TO DO -
What is needed is every line from the one holding "Produktbild Star Trading" to the last line of the data below, printed exactly and without pictures.
___ DATA SHOWN
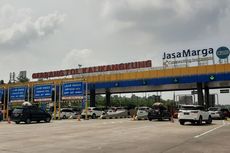 Tarif Tol Semarang-Batang Terbaru 2023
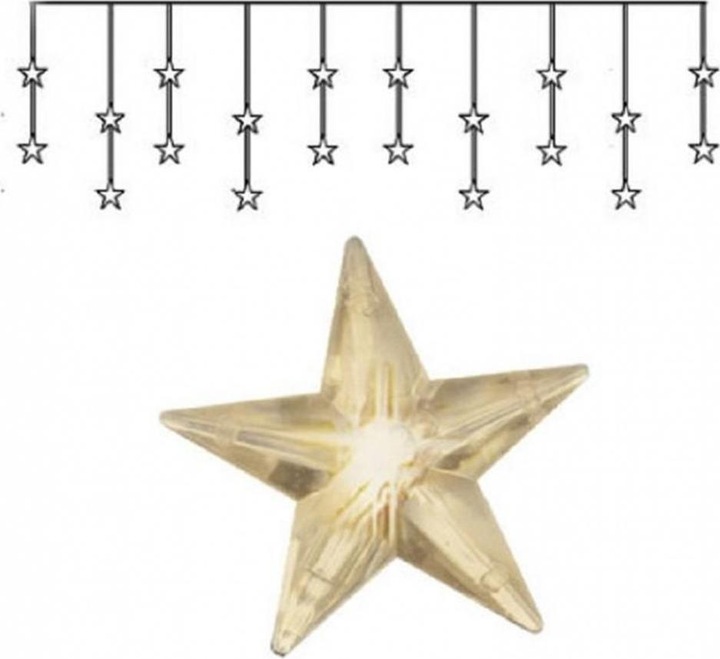 Produktbild Star Trading Sternenlichtervorhang (0.02 m)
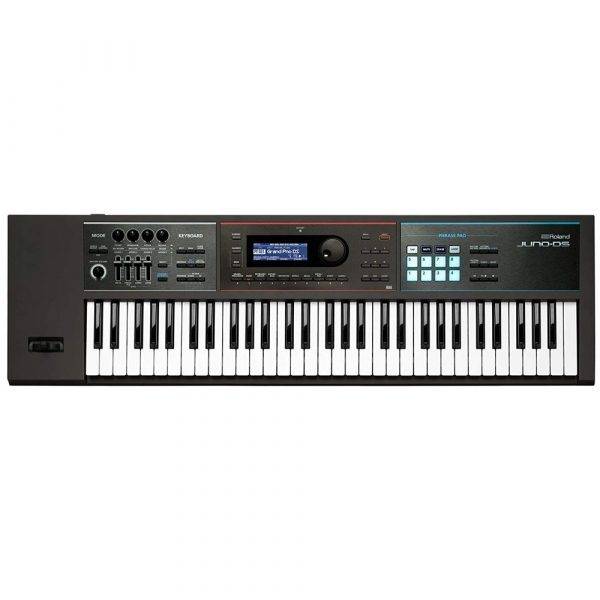 Roland JUNO-DS61 61-key Synthesizer Refurbished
______
EXERCISE SOLUTION -
 Produktbild Star Trading Sternenlichtervorhang (0.02 m)
 Roland JUNO-DS61 61-key Synthesizer Refurbished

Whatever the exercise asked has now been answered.